Solution to Problems in Burr Measurement

The measuring instruments typically used to measure burrs are limited to measuring three-dimensional targets and areas by means of point or line contact, resulting in low reliability of the measurement values. To resolve these measurement problems, KEYENCE has developed the 3D Optical Profilometer VR Series.
The VR Series accurately captures the 3D shape of the entire target surface without contacting the target. A 3D scan of the target on the stage can be completed in as little as one second, for high accuracy measurement of the 3D shape. It is capable of instantaneous and quantitative measurement with no errors in the measurement results. This section introduces some specific advantages of the VR Series.

Advantage 1: Measure the full surface for analysis of the entire shape.

With the VR Series, 3D information for the entire surface is obtained with a single measurement. Users can identify the overall shape of the target, including the highest points and lowest points. Because the measurement locations can be quickly identified by anyone, this eliminates the need to perform repeated measurements when the specific location to target is not known. Measurement can be performed simply by placing the target on the stage and clicking a button. There is no need to make adjustments for each measurement, so the same measurement results can be obtained even with different operators.

Advantage 1: Measure the full surface for analysis of the entire shape.

Unlike conventional measuring instruments, the VR Series is capable of easily measuring burrs that are formed over a wide area, something which previously required much time and effort to measure. Measurement tools that allow a variety of measurements to be easily performed are also included. This makes it possible for even an operator, who is unfamiliar with measurement, to easily and instantaneously perform measurement and eliminates the need to assign a specialised operator to measurement work.

Advantage 2: Perform rapid, high-accuracy measurement.

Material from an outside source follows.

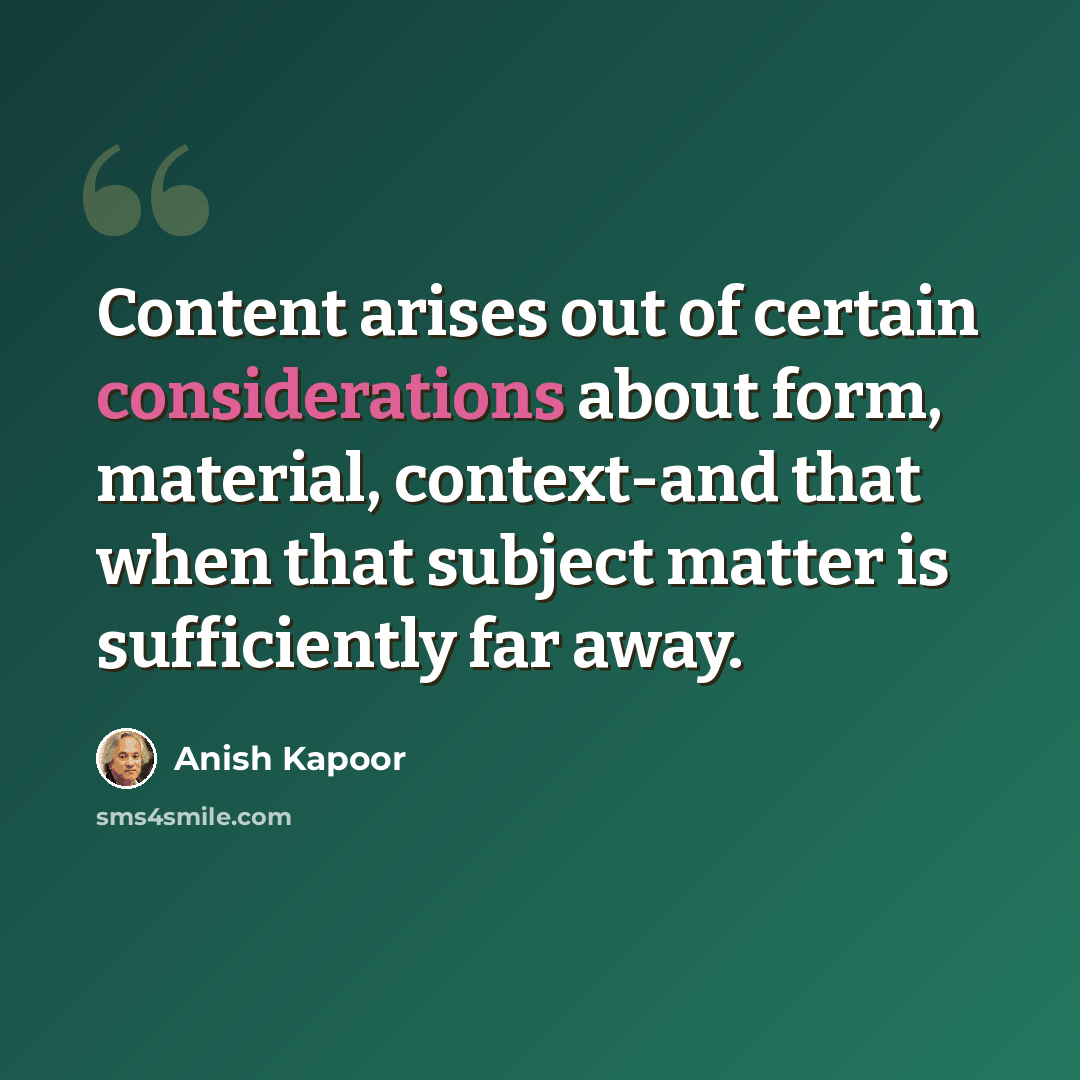“Content arises out of certain considerations about form, material, context-and that when that subject matter is sufficiently far away.” quote by Anish Kapoor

A single measurement which covers the entire surface can be completed in as little as one second. Because measurement using conventional measuring instruments requires time, it was not easy to achieve a large increase in the number of samples.

Advantage 2: Perform rapid, high-accuracy measurement.

The VR Series is capable of measuring targets quickly and easily. It can be used in high-accuracy 3D measurement for a wide range of purposes. In addition to development and trials, it can also be used for sampling inspections or 100% inspections of small-lot or high-value products. It can reduce the outflow of defective products and allows reports to be created easily. This contributes to earning trust without having to invest an excessive amount of man-hours.

Summary: Dramatic Improvement and Higher Efficiency in Difficult Burr Shape Measurement

The VR Series can measure 3D target shapes accurately and instantaneously by high-speed 3D scanning without contacting the target. Even difficult measurement such as the heights and locations of burrs can be completed in as little as one second. The VR Series can solve all the problems involved with conventional measuring instruments.

  • Because the entire surface is measured, the VR Series can easily measure a wide area. Precise evaluations can be performed, ensuring that even fine burrs are not overlooked. The short measurement time makes it easy to increase the number of measured samples.
  • This eliminates variation resulting from human factors, making true quantitative measurement possible.
  • Without the need for positioning or other preparation, measurement can be performed simply by placing the target on the stage and pressing a button. This eliminates the need to assign a specialised operator for measurement work.
  • 3D shapes can be measured easily at high speeds with high accuracy. This makes it possible to measure a large number of targets in a short time, helping to improve quality.

The VR Series also allows comparisons with past 3D shape data and CAD data, as well as easy data analysis such as distribution within tolerances. It can be used effectively for a wide range of purposes including product development, manufacturing trend analysis, and sampling inspections.